Protagonista della battaglia salariale e leader improvvisata della protesta è Rita O’Grady (la superba Sally Hawkins), una operaia minuta ma sanguigna e combattiva capace di trascinare le compagne alla lotta ma
anche di sostenerle e rincuorarle nei momenti di difficoltà. Prima di essere operaie, infatti, le protagoniste sono donne, fiere e solidali, con il peso della famiglia e dei pregiudizi sulle spalle ed una parità coniugale da
conquistare assieme a quella retributiva. Donne moderne e vitali che vestono colori sgargianti e ballano il rock ‘n roll, opposte all’opportunismo pavido dei grigi sindacalisti e al maschilismo di una società conservatrice poco disposta ad accettare il progresso sociale. Con lo sciopero infatti si incrinano anche i rapporti familiari e i delicati equilibri nelle relazioni coniugali. Ma alla fine le donne sono comunque protagoniste del loro destino, non solo le battagliere operaie che rivoluzioneranno i diritti del mondo del lavoro, anche la moglie del dirigente della Ford, laureata ad Oxford e relegata a casalinga obbediente, trova la forza di ribellarsi, e la ministra Barbara Castle prima si dimostra ostile poi disposta a concedere alle lavoratrici i diritti che legittimamente reclamano.
Difficile non apprezzare We want sex, improbabile uscire dalla sala senza il sorriso sulle labbra. E’ una commedia che unisce passione civile ed ironia senza mai apparire retorica, assumendo a tratti anche il tono della favola moderna. Emoziona la semplicità e la sincerità di Rita O’Grady ma soprattutto il fatto che le protagoniste sono vere, autentiche come i loro sentimenti, le loro frustrazioni ed i problemi quotidiani e familiari che devono affrontare. Non lottano per la rivoluzione ma per i loro diritti e il futuro delle loro famiglie. Molte comparse utilizzate nelle scene dello sciopero sono vere operaie che hanno perso il lavoro nella fabbrica gallese dismessa dove sono state girate la maggior parte delle riprese. Come sono autentiche le arzille ex-lavoratrici che compaiono nei titoli di coda, fatte sfilare al festival del Cinema di Roma al posto delle attrici del film. E questo è un ulteriore merito del regista Nigel Cole, capace di confezionare una commedia impegnata sul mondo del lavoro assolutamente riuscita e credibile pur senza entrare nel terreno, più naturale per queste tematiche, del dramma sociale o del pessimismo politico alla Ken Loach. Certo, la sensazione che si ha è quella di un mondo che non c’è più, e non per le pettinature anni 70 o i vestiti vintage, quella società guardava ancora al futuro con ottimismo, con la speranza e la voglia di credere che il domani sarebbe stato migliore.

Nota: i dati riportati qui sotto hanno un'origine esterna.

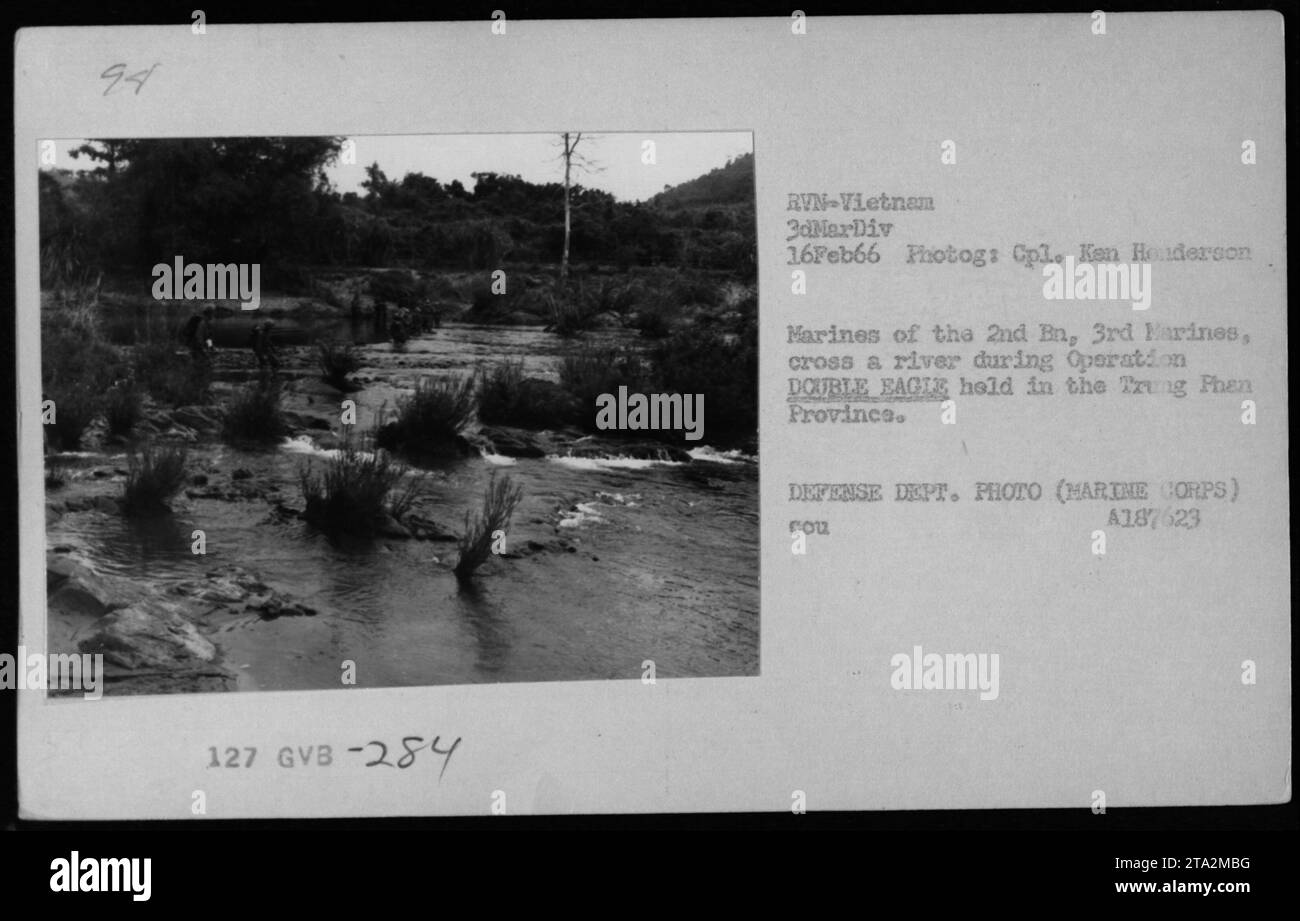 Marines des 2. Bataillons, 3. Marines, die einen Fluss während der Operation DOPPEL EAGLE in der Provinz Trung Phan, Vietnam, am 16. Februar 1966 überquerten. Dieses Foto wurde von CPL Ken Henderson aufgenommen und ist vom Verteidigungsministerium lizenziert. Stockfoto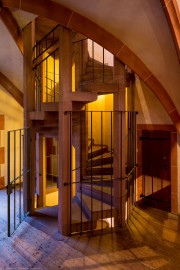 Heidelberg - Heiliggeistkirche - Westempore - Aufgang zur Südempore (aufgenommen im Dezember 2012, am Nachmittag) Heidelberg - Heiliggeistkirche - Westempore - Aufgang zur Südempore (aufgenommen im Dezember 2012, am Nachmittag)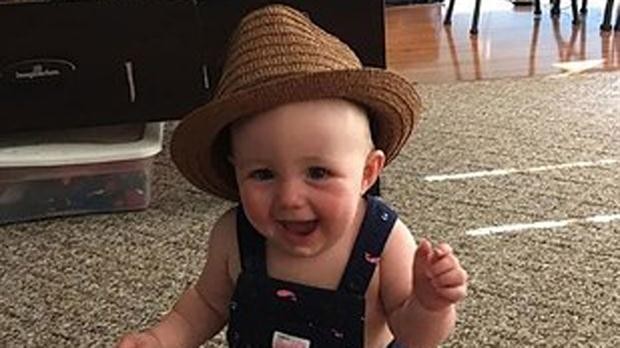 Un padre se equivocó al vestir a su hija y su esposa lo transformó en viral | Redes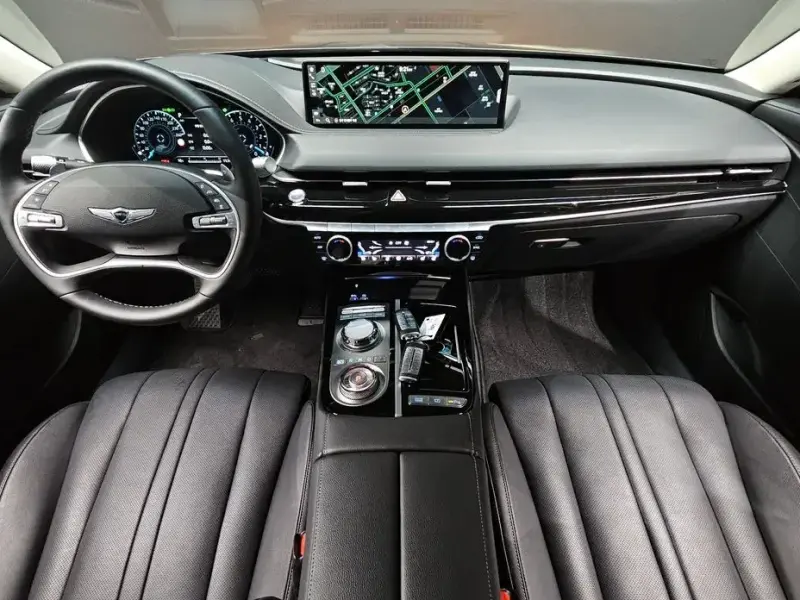 2023 Genesis G80 с пробегом 50 235 км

Forse We want sex piace proprio per questo, perchè in questo momento storico drammatico dove è difficile immaginare un futuro migliore trasmette la nostalgia di un’epoca lontana, dove si credeva ancora nell’idea, magari semplice e banale, di lottare per cambiare il mondo non in nome di ideologie astratte ma, come di dice Rita O’Grady, “perché è giusto!”.